**TASK OBJECTIVE:** In this exercise, return only the lines that run from the line with "Safavieh Jana 22 Inch Desk Lamp - TBL4030A" to the end of the entries below, both included. Pictures are not copied.

**DATA TO EXAMINE:**
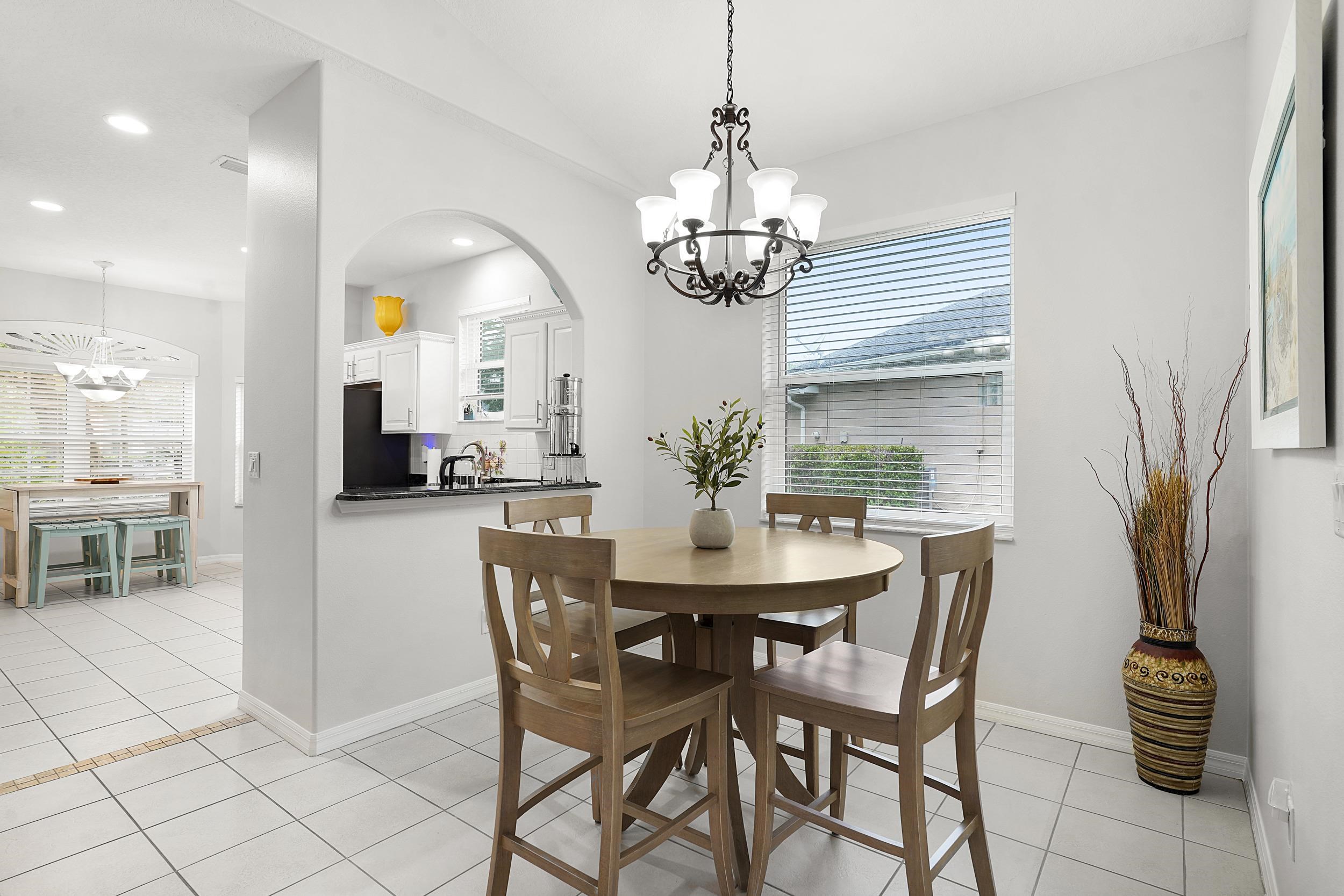 972 Ridgewood Lane St. Augustine, FL 32086 - Photo 14 of 40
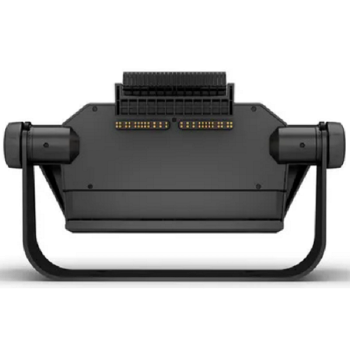 Garmin Ultra 102SV support bracket Painestore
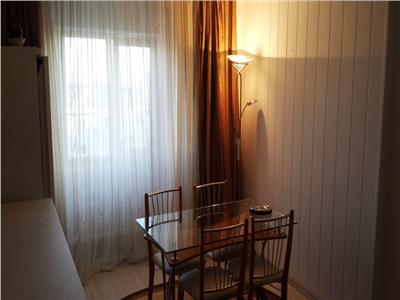 Apartament 3 camere de inchiriat in Ploiesti, zona Marasesti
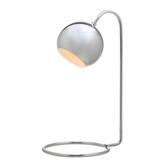 Safavieh Jana 22 Inch Desk Lamp - TBL4030A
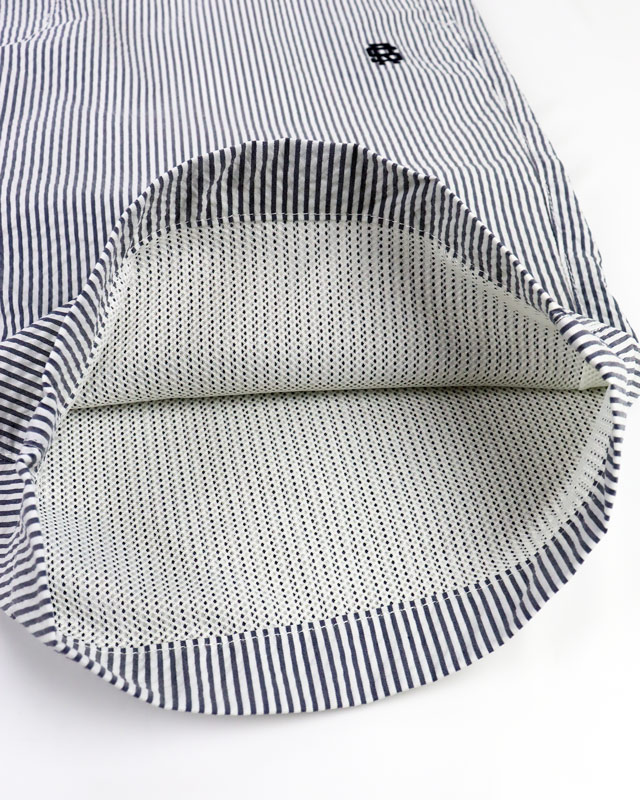 rough&swell ��ե���ɥ������� BOSTON SHORTS ���硼�ȥѥ�� ���ȥ饤�� RSM-24079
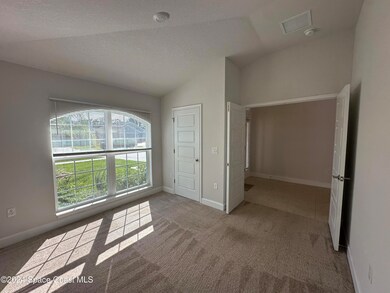 744 Moment St, Cocoa, FL 32926 - photo 4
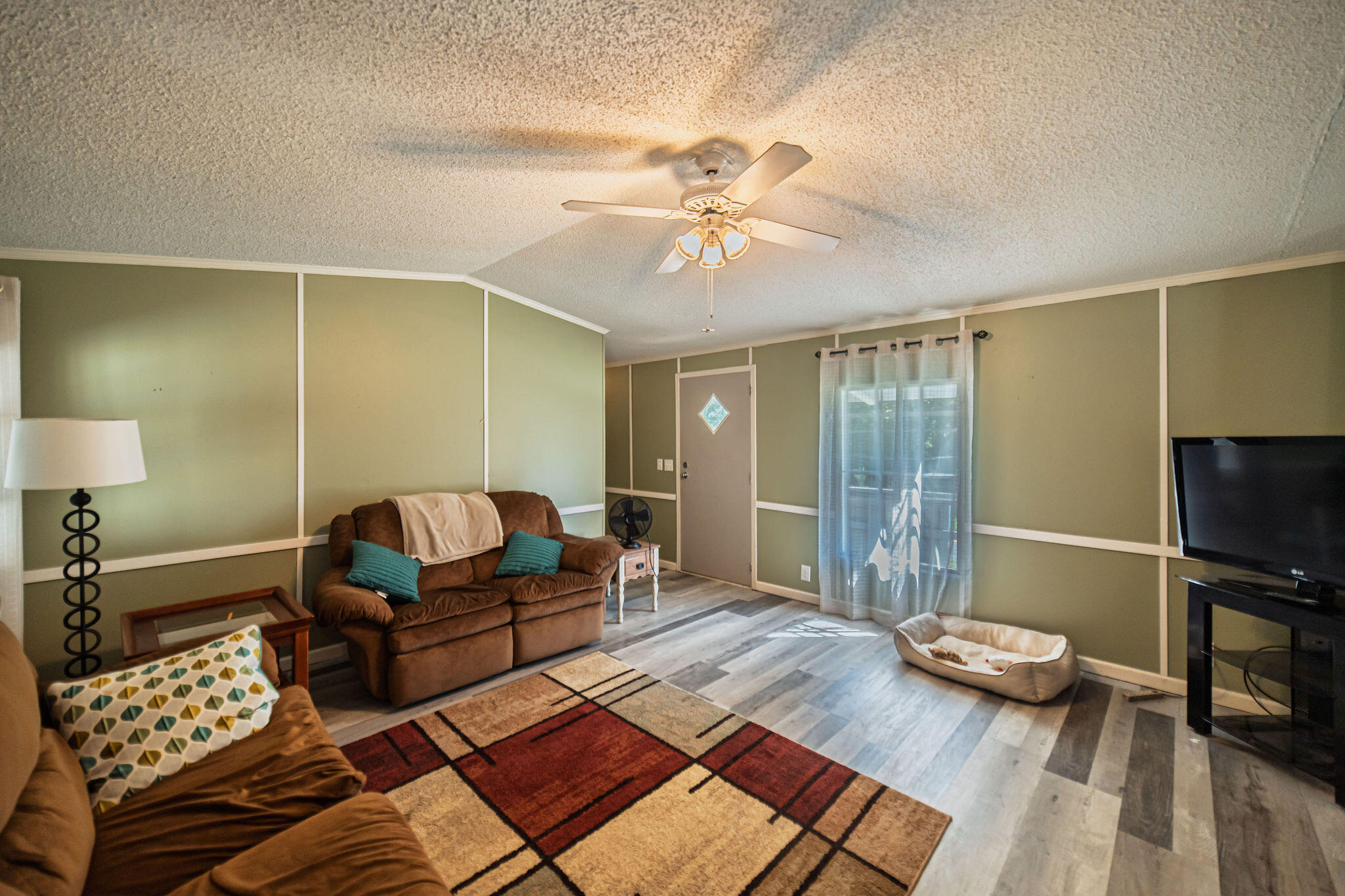6861 Rockcastle Road Property Photo 51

**YOUR RESPONSE:**
 Safavieh Jana 22 Inch Desk Lamp - TBL4030A
 rough&swell ��ե���ɥ������� BOSTON SHORTS ���硼�ȥѥ�� ���ȥ饤�� RSM-24079
 744 Moment St, Cocoa, FL 32926 - photo 4
6861 Rockcastle Road Property Photo 51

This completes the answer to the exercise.